Olick – fewer foreclosures mean lower prices?
Olick – fewer foreclosures mean lower prices?
“For years now we have been harping on how distressed home sales
put downward pressure on home prices all around them. Close to
twelve million borrowers are now in a negative equity position on
their homes because so many other borrowers were unable to afford
their mortgages. The logical assumption would then be that as
foreclosures ease, organic home prices will rebound. But what if
the current, unique state of the housing market turns that
assumption on its head? Foreclosure sales now make up a full one
third of the market nationally and far higher percentages in
states like California, Florida, Nevada, and Georgia. The supply
of these properties has actually been dropping, pushing prices
higher, even in the distressed category. There is huge investor
and first-time home buyer demand for distressed properties at the
low end of the market, and that has helped stabilize prices. ‘We
believe the distressed part of the housing market has already
bottomed,’ said Morgan Stanley analyst Oliver Chang on CNBC’s
Squawkbox. ‘The bid that we see from the investor is the reason
for this bottom.’ He sees further declines in organic home
prices. Why?
Banks have been very slow to release their repossessed (REO)
inventory onto the market, not to mention that foreclosure
processing delays have literally millions of properties still
sitting in foreclosure limbo.

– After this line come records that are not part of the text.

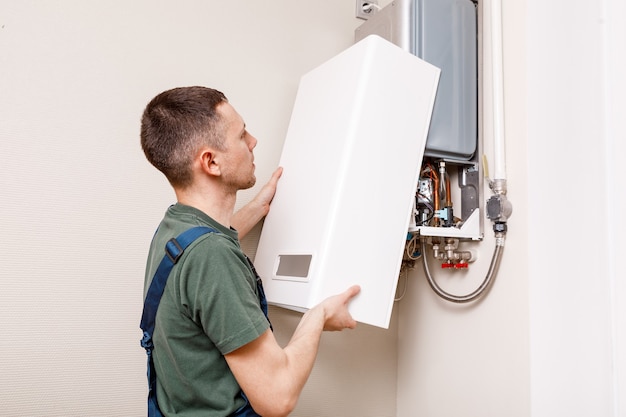 Photo plumber attaches trying to fix the problem with the residential heating equipment. repair of a gas boiler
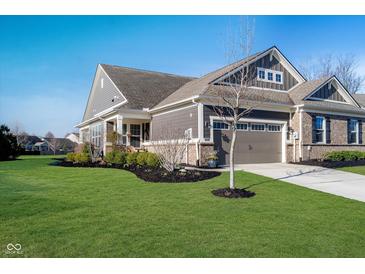 Charming home featuring a two-car garage, well-manicured lawn and tasteful landscaping under a clear sky at 17346 Haxby Ln, Westfield, IN 46074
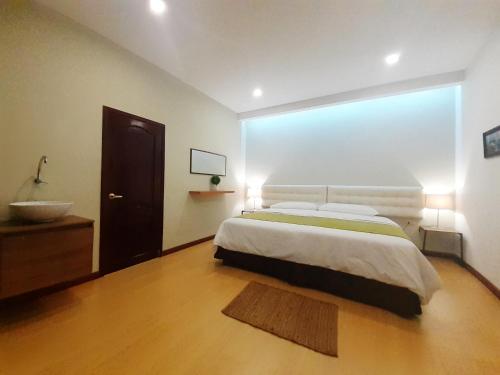 ein Schlafzimmer mit einem Bett und ein Badezimmer mit einem Waschbecken in der Unterkunft Casa D´Cristhi in Puerto Baquerizo Moreno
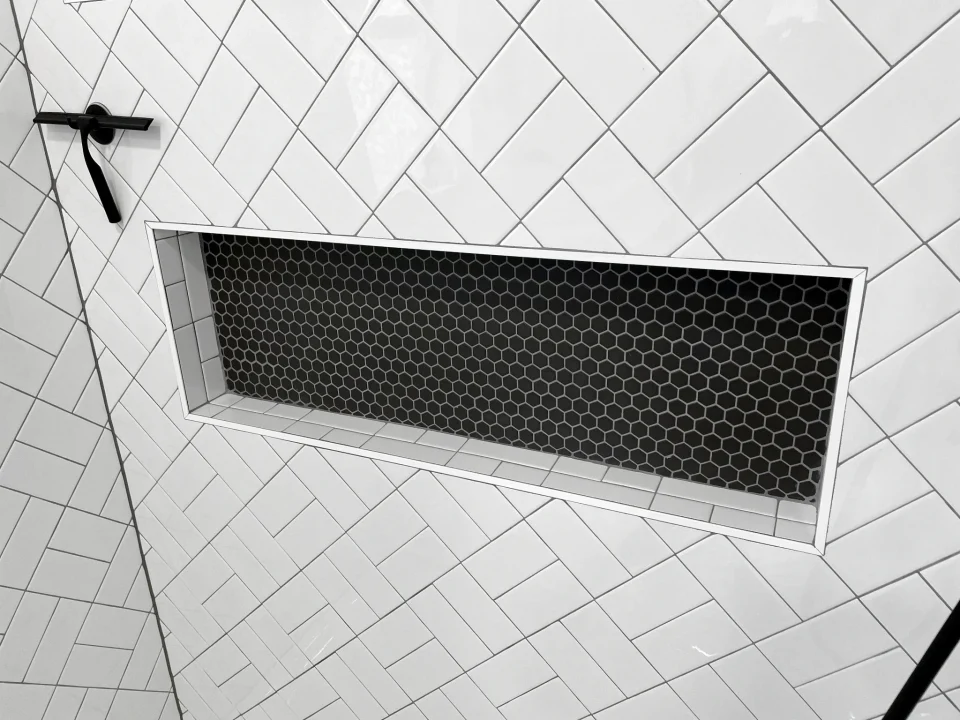 Dark recessed niche surrounded by white basket-weave tile
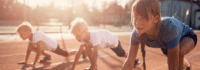 Kinder sind in Startposition zum Sprint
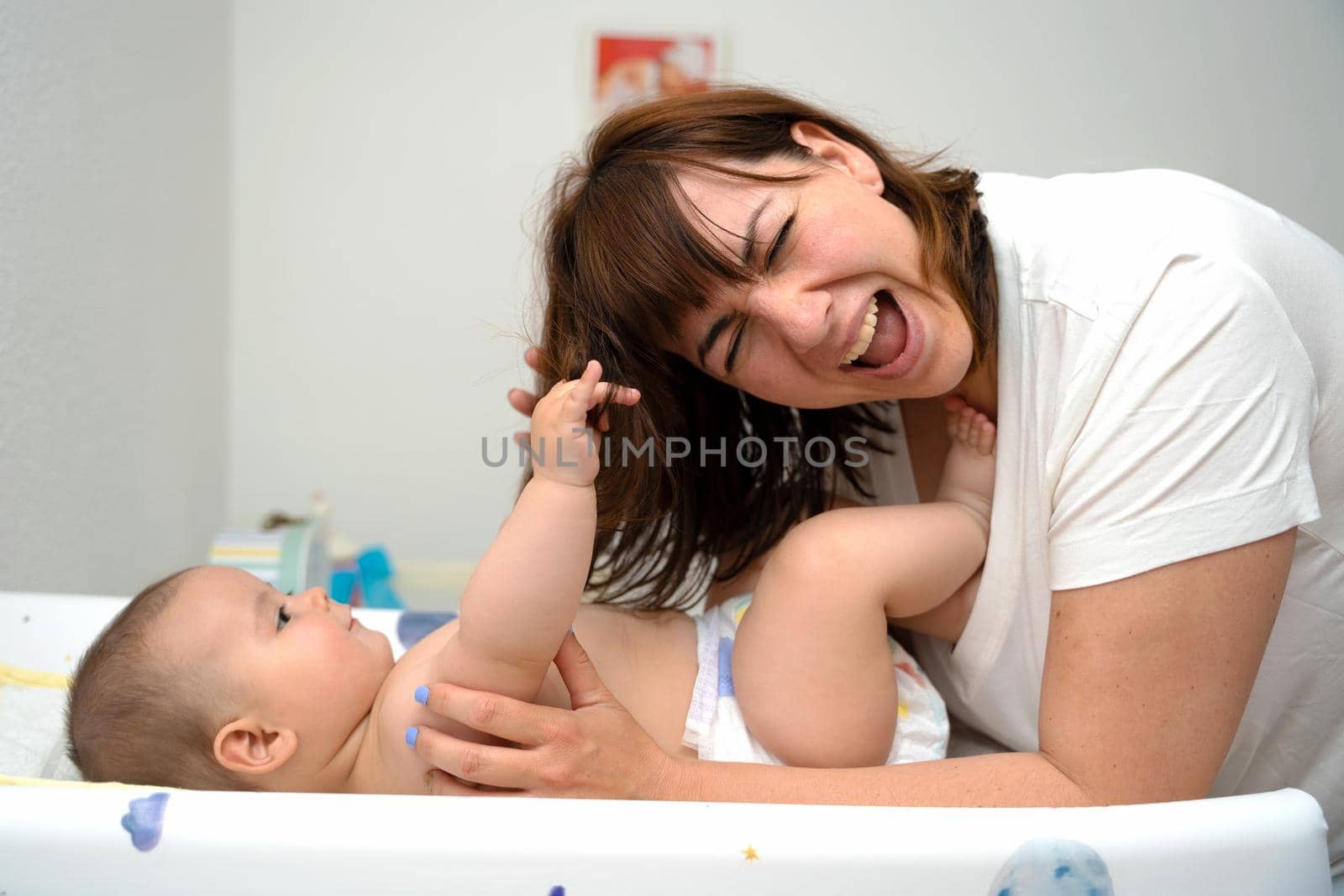 Brunette mother holding baby tight in her arms. Baby pulling and playing with mother's hair.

There is a dwindling supply of
foreclosures and rising investor demand. Analysts keep pointing
to overall falling inventories, but the current existing home
sales pace doesn’t account for that drop. The fact is that
with so much of the supply distressed, and so few organic sellers
putting their homes up for sale, the inventory drop is
artificially skewed to the recent lack of movement in
foreclosures and a crisis of confidence among potential organic
home sellers. Okay, so what about the fact that banks are
ramping up the process now, which could put more properties on
the market? That could boost supply, were it not for a new
government program to sell foreclosures in bulk to large
investors. Chang says over $1 billion in investor capital has
been raised over just the past six weeks to take advantage of
this new program, and he claims this could add up to 1.8 million
jobs. Property managers, renovators, rental agents, he says would
benefit from these bulk rental investments.

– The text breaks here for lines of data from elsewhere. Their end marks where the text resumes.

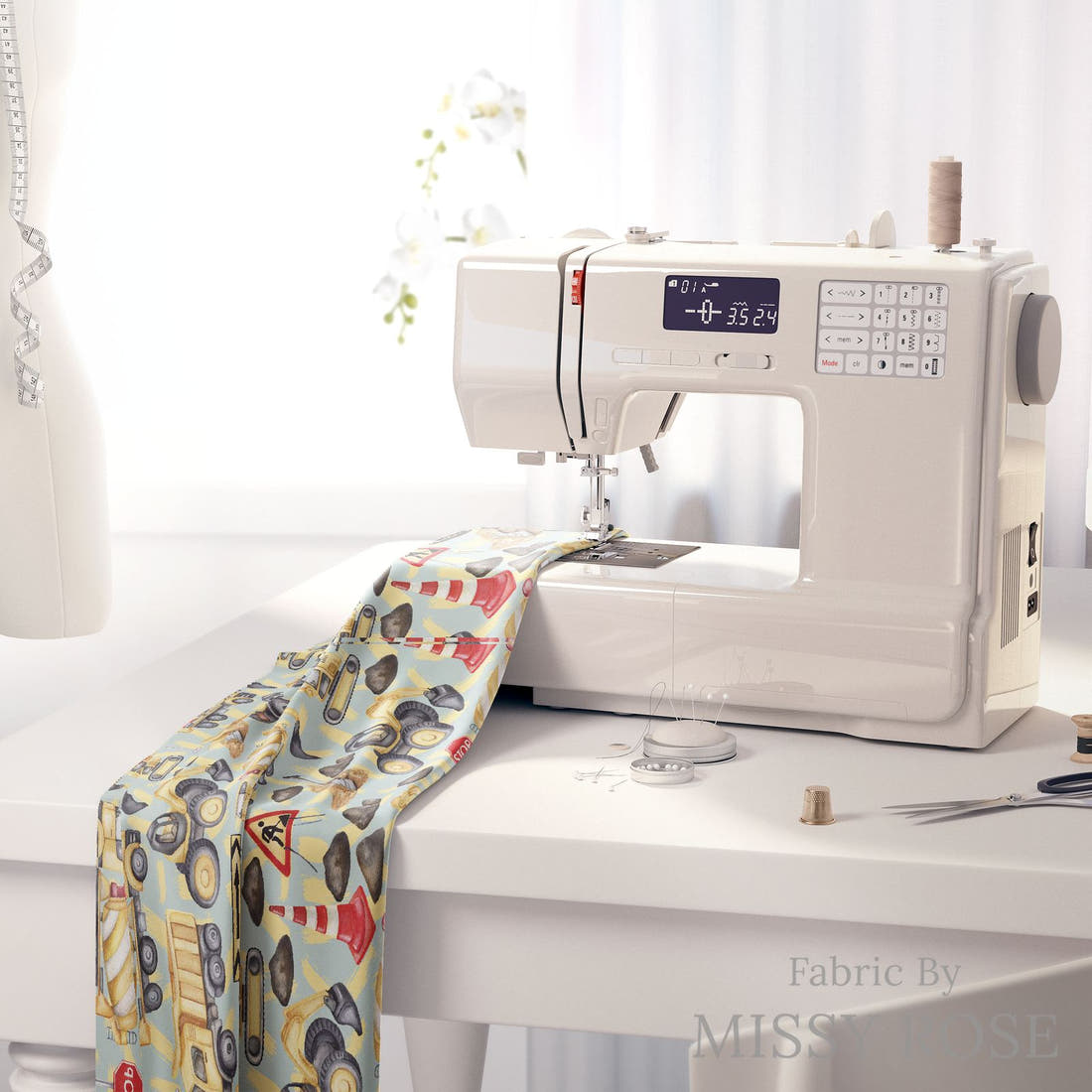 Design 942 Blue Construction Fabric on a sewing machine – premium fabric for sewing projects | Fabric by Missy Rose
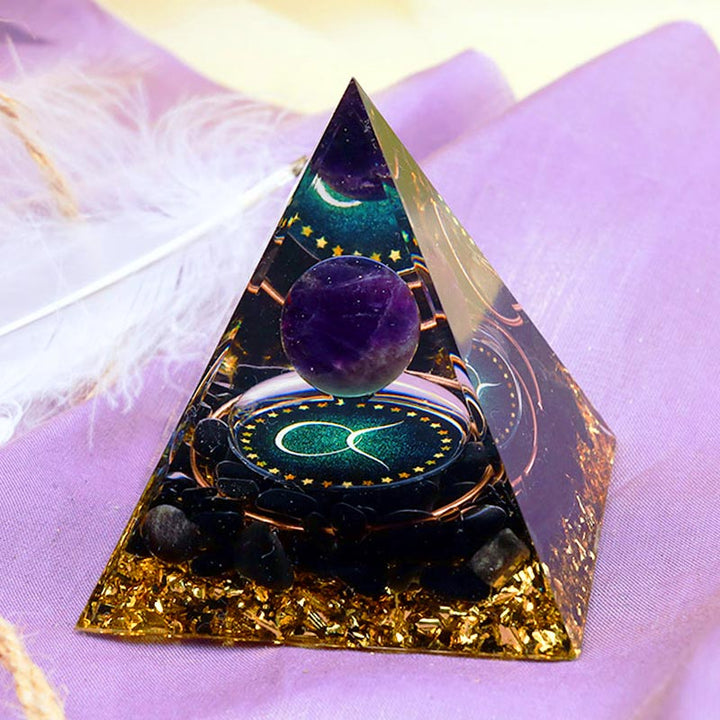 Sphère d'améthyste Olivenorma avec pyramide d'orgone du zodiaque Taureau en obsidienne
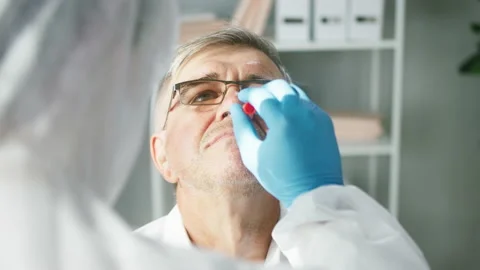 PCR test process, Doctor wearing protective equipment taking sample from nose of Stock Footage 157825861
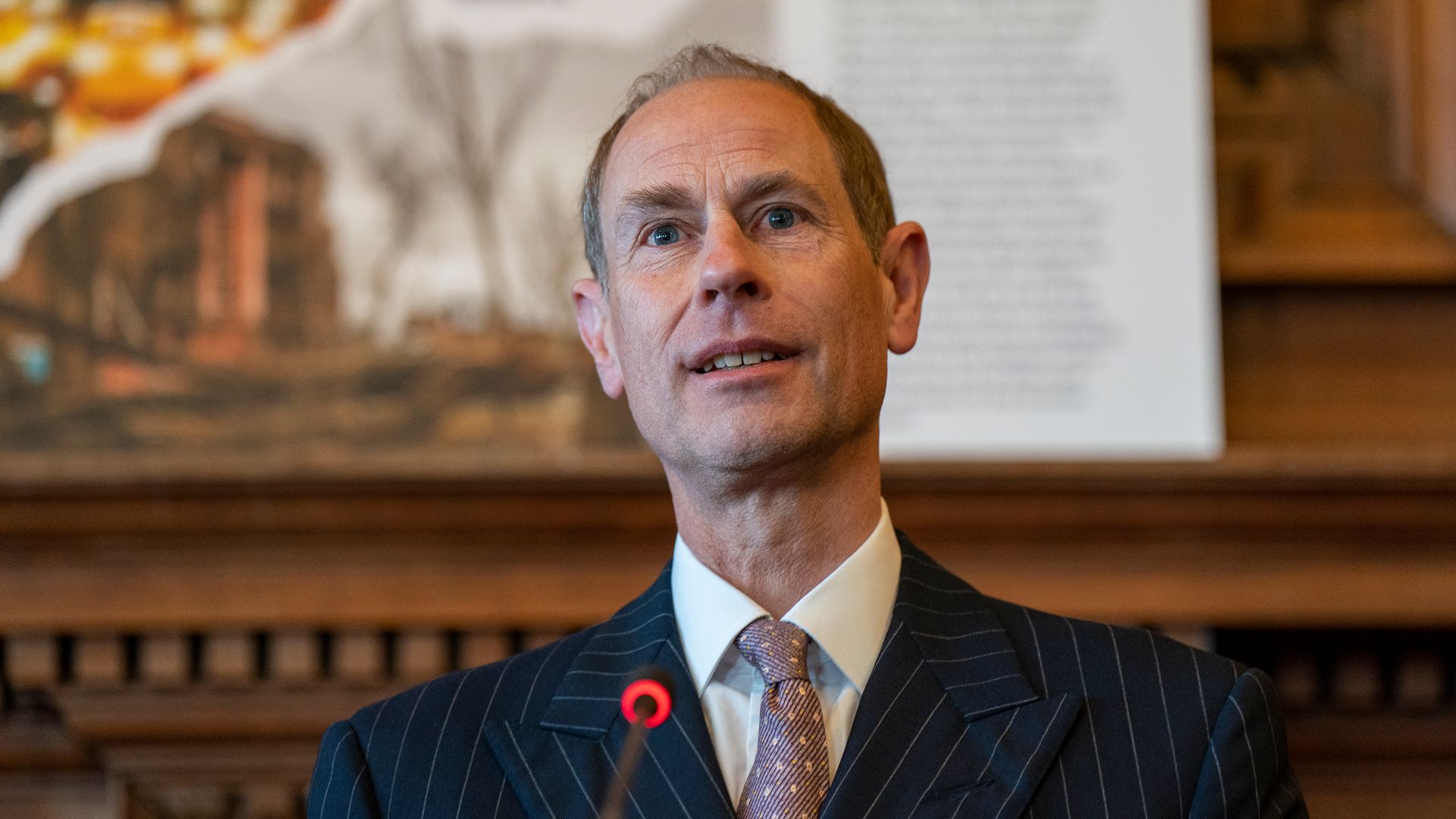 Prince Edward in a suit giving a speech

Mortgage analyst Mark Hanson, however, disagrees. He claims that
individual investors will likely spend more on
upgrades/renovations than bulk investors and will then sell to
owner-occupants at a higher price, thereby not only stabilizing
but increasing overall home values, while also juicing jobs.
‘Due to epidemic effective negative equity (not having enough
equity to pay a Realtor and put a down payment on a new house)

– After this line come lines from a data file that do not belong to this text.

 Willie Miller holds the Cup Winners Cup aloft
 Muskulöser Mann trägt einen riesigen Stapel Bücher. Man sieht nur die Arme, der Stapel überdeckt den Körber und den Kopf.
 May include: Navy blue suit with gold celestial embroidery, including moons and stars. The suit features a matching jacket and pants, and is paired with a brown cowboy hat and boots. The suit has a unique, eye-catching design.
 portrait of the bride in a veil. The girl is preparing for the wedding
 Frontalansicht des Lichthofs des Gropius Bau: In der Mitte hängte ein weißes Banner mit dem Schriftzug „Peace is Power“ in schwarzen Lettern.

the repeat buyer cohort has been cut in half since 2007. They now
make up the minority of national resales,’ says Hanson.
‘Investors and first-time buyers ARE the real estate market,’ he
adds. ‘Investors and first timers want REO and short sales.
Anything done to prevent the flow of distressed property will
hurt the volume of existing home sales and all of the economic
benefit that comes along with them. An REO-to-rent program will
bring about record lows in monthly existing home sales volume.
And volume precedes price.’ Hanson believes that when the
distressed supply is choked off, by selling REO in bulk to rent,
not re-sell, then the only thing you have left is meager organic
sales. ‘The housing market will implode,’ he adds.
Yes, lower supply, in a normal market, would generally mean a
return to home price appreciation, but that’s not the way
today’s market is working because organic demand is still so
weak and is hampered by tight credit. There is even less demand
for mid- to higher-priced homes. ‘$200K to $300K is the new
normal for home builders,’ says Rick Palacios of John Burns Real
Estate Consulting. ‘Since new home prices peaked in 2007, new
single-family sales of over $500K have been more than cut in
half, dropping from 13% to just 6% of all new home transactions.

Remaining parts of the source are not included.